Wednesday, November 28, 2007

Tipperary by Frank Delany

I've been a bit delinquent.

I received this book on August 6, 2007 as part of the Advance Reader's program through LibraryThing and read it soon thereafter, finishing it on 8/27/07.

Part of the deal with the Advance Reader's program is that, in return for a free copy of the book, you're supposed to review the book. It doesn't matter if it's a good review or not, you're just supposed to review it.

For some reason, I wasn't very motivated to review this one. I don't know if it was because I only read it out of obligation. I had requested it so I had to follow through on my part of the deal.

I don't know if it was because I wasn't thrilled with it. I don't know if it was because I felt obliged to be kind.

Just not sure.

But, I was in Explore, Aspen's local bookstore, the other day and I saw Tipperary displayed on the counter with the new releases. Checking with Amazon, I found that the book had been published 11/6/07.

So, here I am, writing this review. More as a clearing it off my to do list and assuaging my guilt than anything else.

Not such a great lead-in, huh? Not making you want to rush out and read it, am I?

Rightfully so, perhaps.

I'm fairly ambivalent about this book. I found it a bit difficult to get going. I often found the protagonist annoying.

Let me back up a bit. The book is a cross between historical fiction and a romance novel. It's a romance novel from a male perspective but a romance novel nonetheless. Set in Ireland during the turn of the century, the book unconvincingly entwines the simple, country-boy protagonist, Charles O'Brien, with many a famous individual.

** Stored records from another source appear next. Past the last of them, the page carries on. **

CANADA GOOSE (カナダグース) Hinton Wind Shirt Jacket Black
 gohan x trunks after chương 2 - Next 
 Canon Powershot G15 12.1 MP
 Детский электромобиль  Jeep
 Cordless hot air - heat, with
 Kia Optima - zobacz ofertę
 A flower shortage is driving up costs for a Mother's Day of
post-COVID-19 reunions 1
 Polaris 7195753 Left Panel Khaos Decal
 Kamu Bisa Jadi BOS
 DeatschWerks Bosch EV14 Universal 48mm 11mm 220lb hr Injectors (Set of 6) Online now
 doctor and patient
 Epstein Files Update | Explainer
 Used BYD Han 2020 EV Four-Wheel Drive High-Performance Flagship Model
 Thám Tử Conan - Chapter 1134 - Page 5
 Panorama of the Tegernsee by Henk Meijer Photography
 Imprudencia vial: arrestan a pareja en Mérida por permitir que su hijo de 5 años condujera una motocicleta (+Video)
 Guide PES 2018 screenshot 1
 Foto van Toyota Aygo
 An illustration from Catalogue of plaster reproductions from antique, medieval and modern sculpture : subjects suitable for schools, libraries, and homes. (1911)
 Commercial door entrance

The book is written as Charles' journals and for most of the narrative takes on the often stunted prose of an amateur diarist. Delany also resorts to the improbable artifice of the discovery of writings from O'Brien's mother when faced with the need to include a perspective other than Charles'.

Towards the end of the book, I did start to get interested in the resolution of the "mystery" involving our present day narrator. Not being very familiar with Irish history, I also found some redeeming educational features in O'Brien's story.

I didn't hate it but wouldn't recommend it except to someone with a particular interest in the author, the Irish people or the period.

I do understand that Delany's other book, Ireland, which I have not read, comes much more highly recommended.